Today, we are concerned with mapping short reads to long genomes. the lecture will be, as usual, online and the slides are here: wyk12-ngs
Today’s assignments are mostly related to fast text indexes:
1. Write a function compute_BWT(txt), that returns the Burrows-Wheeler Transform of the given text (as a string) and the arrays C(x) and OCC(i,x) as dictionaries.
2. Apply the function to the following DNA sequence:
3. Using the method described during the lecture, compute the LTF mapping, and write a method for identifying short strings. Find the occurrences of the string AAAC in the text above using your function.

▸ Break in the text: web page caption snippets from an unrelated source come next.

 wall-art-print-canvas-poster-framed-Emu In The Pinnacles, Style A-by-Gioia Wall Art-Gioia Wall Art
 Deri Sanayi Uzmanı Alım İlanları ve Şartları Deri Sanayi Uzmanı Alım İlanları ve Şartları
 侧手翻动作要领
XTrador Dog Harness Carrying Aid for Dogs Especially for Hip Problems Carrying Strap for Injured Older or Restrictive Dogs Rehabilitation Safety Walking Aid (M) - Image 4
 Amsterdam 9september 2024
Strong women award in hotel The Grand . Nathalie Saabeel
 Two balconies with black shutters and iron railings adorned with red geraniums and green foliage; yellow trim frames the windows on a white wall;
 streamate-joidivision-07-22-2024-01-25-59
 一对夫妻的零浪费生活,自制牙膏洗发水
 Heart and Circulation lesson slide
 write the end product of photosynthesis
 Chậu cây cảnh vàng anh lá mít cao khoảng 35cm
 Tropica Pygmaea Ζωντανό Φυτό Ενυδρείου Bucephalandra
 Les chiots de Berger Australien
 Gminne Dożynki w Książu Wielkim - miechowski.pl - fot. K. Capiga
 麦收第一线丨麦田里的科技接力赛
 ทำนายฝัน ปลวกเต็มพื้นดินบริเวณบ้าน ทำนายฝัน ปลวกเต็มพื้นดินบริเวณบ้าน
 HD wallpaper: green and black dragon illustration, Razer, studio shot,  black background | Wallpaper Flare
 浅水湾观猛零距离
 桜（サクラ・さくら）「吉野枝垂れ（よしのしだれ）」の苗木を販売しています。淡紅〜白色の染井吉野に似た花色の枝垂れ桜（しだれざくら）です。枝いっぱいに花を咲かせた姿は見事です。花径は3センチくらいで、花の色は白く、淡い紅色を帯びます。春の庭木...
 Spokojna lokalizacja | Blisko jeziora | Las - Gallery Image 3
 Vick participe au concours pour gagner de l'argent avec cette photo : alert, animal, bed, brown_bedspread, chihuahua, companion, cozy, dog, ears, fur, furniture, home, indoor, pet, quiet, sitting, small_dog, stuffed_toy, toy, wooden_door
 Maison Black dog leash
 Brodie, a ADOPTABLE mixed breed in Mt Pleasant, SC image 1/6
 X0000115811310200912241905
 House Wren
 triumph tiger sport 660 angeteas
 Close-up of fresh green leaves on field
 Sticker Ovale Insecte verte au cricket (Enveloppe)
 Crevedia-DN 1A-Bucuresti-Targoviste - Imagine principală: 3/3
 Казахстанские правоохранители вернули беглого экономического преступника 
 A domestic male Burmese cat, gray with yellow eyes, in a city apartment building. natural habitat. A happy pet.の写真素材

4. Write another function (that does splitting the query into two and matching at least one half with no errors) to find occurrences of AAAACTCCGCTGGCATTCACAAAT in the text with at most one error
Homework (sixth out of 5 Write a code that uses simplified BWT matching, based on today’s assignments, to create a BWT of the E. coli genome (Escherichia_coli_str_k_12_substr_mg1655.ASM584v2.dna.chromosome.Chromosome.fa) and find positions of occurrences of sequences from this file ( ecoli_proms.fa ) in it. Please send the code and the resulting positions to me by e-mail before the next lecture. Note – we should absolutely avoid any methods that use quadratic memory size (like generating all suffixes of the genome in memory).